Вику колотила крупная дрожь. Данила успокаивающе поглаживал её по плечу, но, похоже, он и сам был здорово растерян и напуган.

– Извините… – врач виновато развёл руками. – Она не всегда такая, честное слово. Иной раз Светлана вполне способна вести разумный диалог. Сейчас, видимо, она просто растерялась. Новые люди, новые лица… Сами видите.

– Спасибо вам за всё, – поблагодарил Данила. – Мы и не рассчитывали на задушевную беседу. Просто хотели убедиться, что…

– Понимаю. Понимаю, – врач дважды кивнул головой. – Можете не беспокоиться, за ней отлично ухаживают. Она даже по-своему счастлива в своём собственном мирке. Разумеется, когда нет обострений. Но в целом, повторюсь, вам не следует переживать – мы делаем и впредь будем делать всё, что в наших силах.

Вика с Данилой вышли из больничного корпуса и зашагали по дорожке к воротам.

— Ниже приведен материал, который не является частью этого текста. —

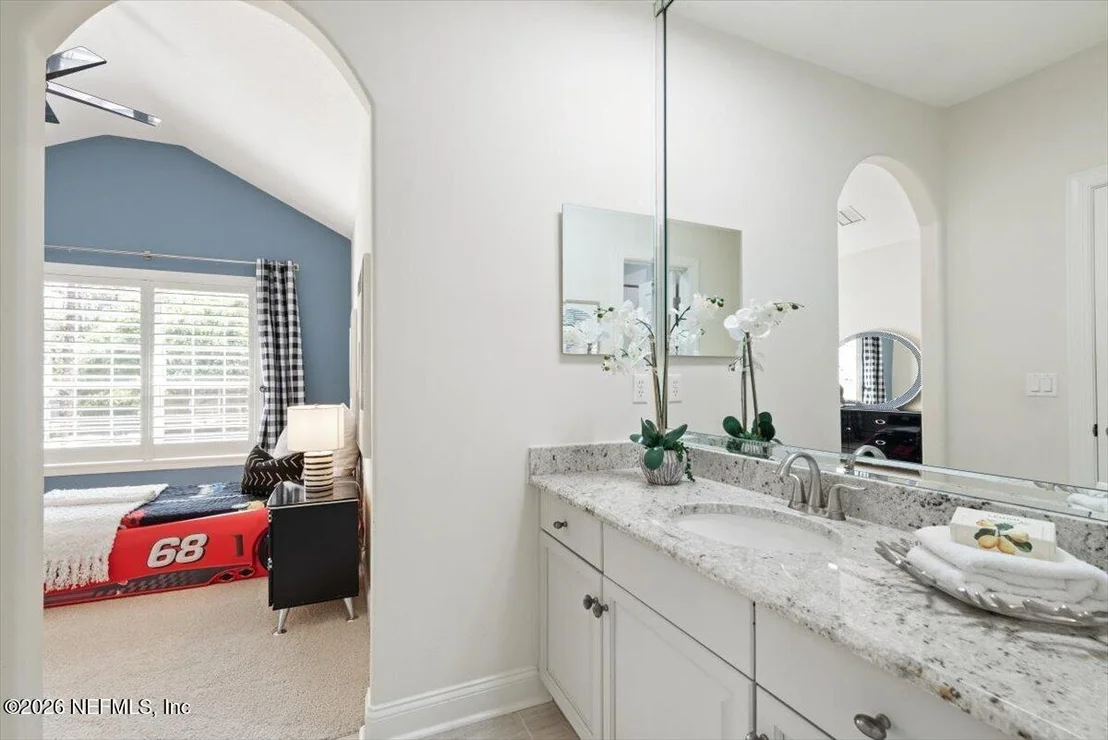 Photo of 240 ST JOHNS FOREST Boulevard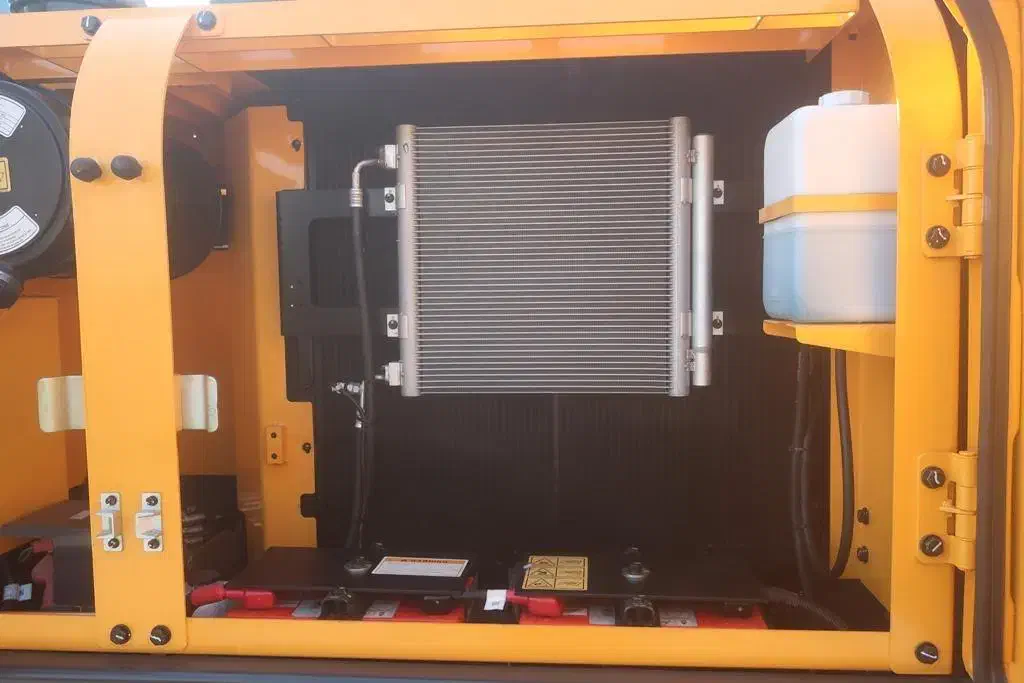 بیل مکانیکی مدل 2025|خودرو سنگین|شیراز, کلاهدوز|دیوار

Всё это время Вика хранила молчание. Когда наконец они оказались за пределами этой закрытой территории, внешне ничем не напоминающей тюрьму, но всё-таки вызывающей именно такие ассоциации, Вика остановилась и беспомощно взглянула на мужа.

– Мама меня не узнала… просто не узнала… – потрясённо пробормотала она. Данила изо всех сил прижал её к себе и крепко обнял.

– Всё в порядке, малыш. Всё хорошо. Я рядом, – прошептал он, целуя её в макушку. Вика беззвучно и горько заплакала.

Они стояли так, не размыкая объятий, долго, очень долго – до тех пор, пока Вика наконец не успокоилась и немного не пришла в себя. Данила вытер ей слёзы своим платком и ободряюще улыбнулся.

– Всё хорошо?

– Думаю, да, – она в последний раз шмыгнула носом. – Поехали скорее домой. Ванечка ждёт.

Александр Белецкий

«Похоже, эту поездку я запомню надолго», – усмехнувшись, подумал Александр. Сначала – самолёт до Симферополя. Затем такси до Ялты. И когда цель, казалось, была уже так близка – только руку протяни! – выяснилось, что Галинка уехала в Евпаторию до конца сентября. Он никак не мог этого ожидать и поначалу совсем упал духом.

Домашний адрес Галинки он разузнал у Вики – та, в свою очередь, навела справки у мужа. Теперь Белецкий ругал себя последними словами за то, что не додумался спросить заодно и номер телефона. Решил устроить сюрприз, идиот! Московской симкой, номер которой сохранился в больничных записях, Галинка, понятное дело, в Крыму не пользовалась. И вот теперь он стоял на пороге её дома, дурак-дураком, и пытался объясниться с её подозрительной неприветливой мамашей, которая демонстративно отказалась разговаривать с ним по-русски, хотя – он мог бы поклясться – понимала всё, что он ей говорил, от первого до последнего слова.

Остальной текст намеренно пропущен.